I think this is for another thread? OP didn't mention peeing or potty training?


----------



## noon_child

My Lo drinks a lot more at night when she has a cold as she's breathing through her mouth and her throat gets sore and dry. Thing is, she has a cold most of the time due to going to daycare!!

She also forgets to drink sometimes when she is playing and then drinks a lot just before bed. I know when I used to see a urologist she noted I was waking up thirsty (not just dry mouth, but thirsty) during the night and said this suggested I wasn't drinking enough during the day.
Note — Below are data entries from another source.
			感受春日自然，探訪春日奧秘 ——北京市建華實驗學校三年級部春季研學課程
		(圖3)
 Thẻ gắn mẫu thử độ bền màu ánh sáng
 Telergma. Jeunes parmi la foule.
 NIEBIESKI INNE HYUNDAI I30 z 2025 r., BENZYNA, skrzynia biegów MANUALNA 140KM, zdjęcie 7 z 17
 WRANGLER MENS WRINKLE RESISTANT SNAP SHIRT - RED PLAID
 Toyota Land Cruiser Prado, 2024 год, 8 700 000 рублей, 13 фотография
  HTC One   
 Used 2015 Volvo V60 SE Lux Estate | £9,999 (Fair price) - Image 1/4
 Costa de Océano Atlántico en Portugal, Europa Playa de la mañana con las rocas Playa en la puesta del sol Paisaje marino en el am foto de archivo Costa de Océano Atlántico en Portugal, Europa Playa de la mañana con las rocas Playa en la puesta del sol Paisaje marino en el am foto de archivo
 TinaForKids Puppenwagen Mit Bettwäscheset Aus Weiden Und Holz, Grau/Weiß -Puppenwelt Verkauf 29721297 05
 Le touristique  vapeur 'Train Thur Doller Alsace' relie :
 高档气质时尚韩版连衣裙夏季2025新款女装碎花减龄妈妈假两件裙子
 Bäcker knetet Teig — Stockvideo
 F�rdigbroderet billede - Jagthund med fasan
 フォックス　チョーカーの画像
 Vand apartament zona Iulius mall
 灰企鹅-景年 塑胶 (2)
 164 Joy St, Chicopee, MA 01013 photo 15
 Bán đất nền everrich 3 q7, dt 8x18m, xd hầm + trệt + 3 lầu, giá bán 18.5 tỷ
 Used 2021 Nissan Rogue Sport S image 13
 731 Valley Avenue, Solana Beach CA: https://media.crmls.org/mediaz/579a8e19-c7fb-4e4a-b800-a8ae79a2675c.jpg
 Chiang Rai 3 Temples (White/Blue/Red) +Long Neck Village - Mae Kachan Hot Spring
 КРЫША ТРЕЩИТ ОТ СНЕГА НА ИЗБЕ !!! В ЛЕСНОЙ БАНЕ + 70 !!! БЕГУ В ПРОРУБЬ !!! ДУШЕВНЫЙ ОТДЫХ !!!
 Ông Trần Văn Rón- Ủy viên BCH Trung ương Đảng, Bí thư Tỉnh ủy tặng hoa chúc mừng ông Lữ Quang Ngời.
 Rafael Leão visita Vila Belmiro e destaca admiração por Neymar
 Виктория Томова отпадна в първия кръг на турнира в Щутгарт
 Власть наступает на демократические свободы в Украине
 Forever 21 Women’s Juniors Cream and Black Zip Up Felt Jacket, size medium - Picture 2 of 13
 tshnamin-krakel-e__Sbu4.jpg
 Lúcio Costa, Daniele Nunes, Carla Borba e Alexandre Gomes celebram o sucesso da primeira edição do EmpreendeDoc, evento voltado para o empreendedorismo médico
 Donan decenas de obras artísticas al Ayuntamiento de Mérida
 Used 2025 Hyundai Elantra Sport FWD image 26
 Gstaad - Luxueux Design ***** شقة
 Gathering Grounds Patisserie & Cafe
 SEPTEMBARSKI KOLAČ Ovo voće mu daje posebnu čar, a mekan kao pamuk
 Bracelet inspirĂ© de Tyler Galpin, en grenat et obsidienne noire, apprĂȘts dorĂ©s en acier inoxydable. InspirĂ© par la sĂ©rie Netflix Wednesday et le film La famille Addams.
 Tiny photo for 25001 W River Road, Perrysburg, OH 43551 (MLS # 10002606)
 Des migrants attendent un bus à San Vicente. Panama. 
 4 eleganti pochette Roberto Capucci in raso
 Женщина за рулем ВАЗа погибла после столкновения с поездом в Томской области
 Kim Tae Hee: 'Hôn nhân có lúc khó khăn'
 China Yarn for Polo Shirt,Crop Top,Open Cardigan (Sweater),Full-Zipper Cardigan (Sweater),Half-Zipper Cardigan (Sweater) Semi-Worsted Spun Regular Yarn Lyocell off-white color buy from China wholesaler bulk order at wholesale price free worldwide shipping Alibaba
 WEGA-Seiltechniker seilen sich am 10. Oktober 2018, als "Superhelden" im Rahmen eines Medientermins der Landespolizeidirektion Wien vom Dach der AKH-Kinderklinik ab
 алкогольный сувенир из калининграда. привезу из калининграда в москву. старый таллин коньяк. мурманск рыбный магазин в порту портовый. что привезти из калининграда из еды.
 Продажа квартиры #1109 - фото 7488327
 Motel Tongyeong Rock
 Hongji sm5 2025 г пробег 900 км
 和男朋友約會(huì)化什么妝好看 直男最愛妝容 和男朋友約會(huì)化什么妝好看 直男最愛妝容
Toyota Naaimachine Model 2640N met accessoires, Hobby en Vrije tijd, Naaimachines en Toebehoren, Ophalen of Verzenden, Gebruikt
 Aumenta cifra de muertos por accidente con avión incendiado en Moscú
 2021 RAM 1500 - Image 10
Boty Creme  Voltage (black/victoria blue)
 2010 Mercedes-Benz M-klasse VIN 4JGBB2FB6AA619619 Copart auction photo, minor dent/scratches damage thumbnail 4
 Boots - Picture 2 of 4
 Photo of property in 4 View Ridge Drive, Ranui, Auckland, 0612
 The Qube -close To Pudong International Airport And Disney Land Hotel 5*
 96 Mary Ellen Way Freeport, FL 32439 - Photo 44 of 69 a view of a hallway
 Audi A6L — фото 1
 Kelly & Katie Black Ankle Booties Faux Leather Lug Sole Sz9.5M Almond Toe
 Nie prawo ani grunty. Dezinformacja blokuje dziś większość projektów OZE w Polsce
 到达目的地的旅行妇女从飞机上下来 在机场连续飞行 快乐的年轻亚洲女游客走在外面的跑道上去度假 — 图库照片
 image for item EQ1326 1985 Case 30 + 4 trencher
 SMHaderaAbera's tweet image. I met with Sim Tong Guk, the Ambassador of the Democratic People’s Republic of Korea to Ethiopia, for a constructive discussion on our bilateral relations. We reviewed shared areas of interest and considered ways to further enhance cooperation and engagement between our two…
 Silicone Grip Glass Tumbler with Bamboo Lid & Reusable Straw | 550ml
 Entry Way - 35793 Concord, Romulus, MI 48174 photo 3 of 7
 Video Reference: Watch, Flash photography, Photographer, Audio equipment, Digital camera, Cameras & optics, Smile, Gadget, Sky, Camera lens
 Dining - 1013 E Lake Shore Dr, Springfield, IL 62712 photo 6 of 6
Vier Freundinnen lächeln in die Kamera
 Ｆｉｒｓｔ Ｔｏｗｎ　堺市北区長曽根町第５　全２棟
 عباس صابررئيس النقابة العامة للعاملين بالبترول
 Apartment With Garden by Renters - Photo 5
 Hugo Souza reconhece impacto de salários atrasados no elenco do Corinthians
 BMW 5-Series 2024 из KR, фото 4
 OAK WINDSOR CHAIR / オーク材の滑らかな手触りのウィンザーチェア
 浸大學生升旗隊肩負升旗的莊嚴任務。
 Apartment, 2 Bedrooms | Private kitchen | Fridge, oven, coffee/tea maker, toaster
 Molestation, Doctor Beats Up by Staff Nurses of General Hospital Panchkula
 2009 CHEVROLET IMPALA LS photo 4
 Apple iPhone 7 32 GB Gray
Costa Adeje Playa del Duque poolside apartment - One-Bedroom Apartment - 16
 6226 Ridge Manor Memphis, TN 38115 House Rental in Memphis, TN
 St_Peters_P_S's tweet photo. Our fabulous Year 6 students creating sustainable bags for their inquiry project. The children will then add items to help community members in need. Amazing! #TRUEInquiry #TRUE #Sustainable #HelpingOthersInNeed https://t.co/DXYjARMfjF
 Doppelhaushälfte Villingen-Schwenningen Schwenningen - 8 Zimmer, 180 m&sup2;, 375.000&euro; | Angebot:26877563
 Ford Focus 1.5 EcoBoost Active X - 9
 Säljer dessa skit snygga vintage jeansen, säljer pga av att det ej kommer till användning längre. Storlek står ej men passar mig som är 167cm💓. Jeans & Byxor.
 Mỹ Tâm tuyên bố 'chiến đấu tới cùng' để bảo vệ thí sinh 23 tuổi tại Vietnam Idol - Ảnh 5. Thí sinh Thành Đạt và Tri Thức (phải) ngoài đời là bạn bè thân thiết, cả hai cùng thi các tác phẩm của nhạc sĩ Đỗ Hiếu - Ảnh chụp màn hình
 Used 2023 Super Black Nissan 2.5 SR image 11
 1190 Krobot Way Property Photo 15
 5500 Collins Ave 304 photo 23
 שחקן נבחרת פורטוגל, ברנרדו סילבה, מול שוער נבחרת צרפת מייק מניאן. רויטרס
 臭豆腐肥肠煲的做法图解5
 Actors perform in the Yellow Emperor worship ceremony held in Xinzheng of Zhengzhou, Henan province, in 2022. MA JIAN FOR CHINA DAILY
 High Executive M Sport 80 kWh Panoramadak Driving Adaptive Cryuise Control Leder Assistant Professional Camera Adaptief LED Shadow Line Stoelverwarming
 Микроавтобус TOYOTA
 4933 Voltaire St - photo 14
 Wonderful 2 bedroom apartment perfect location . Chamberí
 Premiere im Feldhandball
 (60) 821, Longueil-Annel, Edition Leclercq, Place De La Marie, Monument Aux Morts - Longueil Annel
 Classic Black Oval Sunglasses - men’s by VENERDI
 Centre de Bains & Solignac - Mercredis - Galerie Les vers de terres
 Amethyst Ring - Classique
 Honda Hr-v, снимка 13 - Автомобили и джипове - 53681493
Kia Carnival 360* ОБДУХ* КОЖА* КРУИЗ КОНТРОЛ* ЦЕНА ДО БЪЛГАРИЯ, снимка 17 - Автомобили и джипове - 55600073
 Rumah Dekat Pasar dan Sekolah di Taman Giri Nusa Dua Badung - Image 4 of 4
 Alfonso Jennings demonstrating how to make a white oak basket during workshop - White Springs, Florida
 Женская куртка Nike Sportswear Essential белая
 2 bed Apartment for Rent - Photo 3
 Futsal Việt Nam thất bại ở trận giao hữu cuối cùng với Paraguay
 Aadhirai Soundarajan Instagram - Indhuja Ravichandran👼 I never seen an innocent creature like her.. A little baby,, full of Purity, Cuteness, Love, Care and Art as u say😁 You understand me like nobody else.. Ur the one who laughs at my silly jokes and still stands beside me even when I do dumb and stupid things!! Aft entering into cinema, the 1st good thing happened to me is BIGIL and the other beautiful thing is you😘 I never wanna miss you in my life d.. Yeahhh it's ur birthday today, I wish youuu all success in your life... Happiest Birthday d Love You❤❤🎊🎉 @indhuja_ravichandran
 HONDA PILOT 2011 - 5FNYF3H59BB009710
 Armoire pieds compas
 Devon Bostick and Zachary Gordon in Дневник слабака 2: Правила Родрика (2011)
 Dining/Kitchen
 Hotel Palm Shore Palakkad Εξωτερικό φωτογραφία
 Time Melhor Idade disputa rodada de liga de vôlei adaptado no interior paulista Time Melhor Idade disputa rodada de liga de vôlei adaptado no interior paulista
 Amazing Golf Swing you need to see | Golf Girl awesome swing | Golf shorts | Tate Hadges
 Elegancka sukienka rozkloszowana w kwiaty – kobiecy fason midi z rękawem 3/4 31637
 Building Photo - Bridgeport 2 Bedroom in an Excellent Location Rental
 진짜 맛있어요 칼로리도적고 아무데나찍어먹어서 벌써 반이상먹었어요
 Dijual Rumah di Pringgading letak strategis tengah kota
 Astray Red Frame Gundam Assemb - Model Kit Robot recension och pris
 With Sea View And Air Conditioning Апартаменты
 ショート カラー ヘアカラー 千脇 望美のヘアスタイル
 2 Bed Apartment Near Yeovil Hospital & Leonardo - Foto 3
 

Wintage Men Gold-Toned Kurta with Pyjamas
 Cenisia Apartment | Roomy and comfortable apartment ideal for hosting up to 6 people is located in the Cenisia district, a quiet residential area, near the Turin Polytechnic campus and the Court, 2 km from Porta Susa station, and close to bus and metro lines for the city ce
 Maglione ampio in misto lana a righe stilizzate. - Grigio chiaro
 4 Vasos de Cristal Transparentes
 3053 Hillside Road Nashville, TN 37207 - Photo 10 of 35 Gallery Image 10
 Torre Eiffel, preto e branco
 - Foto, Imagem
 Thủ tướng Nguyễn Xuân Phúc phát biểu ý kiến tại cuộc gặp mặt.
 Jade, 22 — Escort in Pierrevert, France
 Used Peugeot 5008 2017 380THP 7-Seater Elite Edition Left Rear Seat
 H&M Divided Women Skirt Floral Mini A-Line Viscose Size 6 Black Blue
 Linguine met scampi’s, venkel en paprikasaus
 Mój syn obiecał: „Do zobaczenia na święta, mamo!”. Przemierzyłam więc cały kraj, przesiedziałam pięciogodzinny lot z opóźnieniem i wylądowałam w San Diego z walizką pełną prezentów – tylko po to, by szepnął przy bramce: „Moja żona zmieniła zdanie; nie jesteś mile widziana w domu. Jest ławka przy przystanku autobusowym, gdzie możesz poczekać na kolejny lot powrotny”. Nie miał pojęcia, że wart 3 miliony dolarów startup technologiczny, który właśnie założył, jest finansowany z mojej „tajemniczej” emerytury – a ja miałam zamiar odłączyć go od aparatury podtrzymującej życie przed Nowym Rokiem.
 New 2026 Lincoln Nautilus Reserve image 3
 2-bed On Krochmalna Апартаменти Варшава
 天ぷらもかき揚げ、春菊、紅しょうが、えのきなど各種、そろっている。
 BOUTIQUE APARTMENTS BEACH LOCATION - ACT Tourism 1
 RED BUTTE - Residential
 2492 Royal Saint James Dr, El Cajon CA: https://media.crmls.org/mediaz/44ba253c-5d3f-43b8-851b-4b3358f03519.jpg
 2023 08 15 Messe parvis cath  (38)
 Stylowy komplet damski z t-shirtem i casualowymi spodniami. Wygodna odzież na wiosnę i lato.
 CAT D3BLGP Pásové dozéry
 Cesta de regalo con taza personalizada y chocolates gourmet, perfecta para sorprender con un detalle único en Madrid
I don't know if the same is true for toddlers though.


----------



## Iveneverseen

Thank you.:flower:

No my son isn't potty training just yet. and his nappy doesn't leak.:thumbup: x


----------



## OmarsMum

Omar wakes up at least twice for water, I'm the same & I keep bottles for me & him in the bedroom. I don't think it has anything to do with attention, I bedshare, so I'm there beside him regardless if he asks for a drink or not.


----------



## SarahBear

JASMAK said:


> SarahBear said:
> 
> 
> I always get criticized when I mention this, but the other thing you can do if pee is a problem, is to change the diaper. Violet has been in bed for the last 3 and a half hours and she has a dry diaper and there is pee in the potty from when she woke up about an hour or so ago. She may or may not pee again by the time I go to bed. If she does pee, she'll either wake up and I'll put her on the potty, or she won't wake up all the way and I'll change her diaper.
> 
> Edit: And that second pee was in the diaper. She's now in a dry diaper.
> 
> I think this is for another thread? OP didn't mention peeing or potty training?Click to expand...

There was a post somewhere about leaky diapers... Or I made a mistake! Anyway...


----------



## lau86

I didn't mean it was for attention in all children, just mine!


----------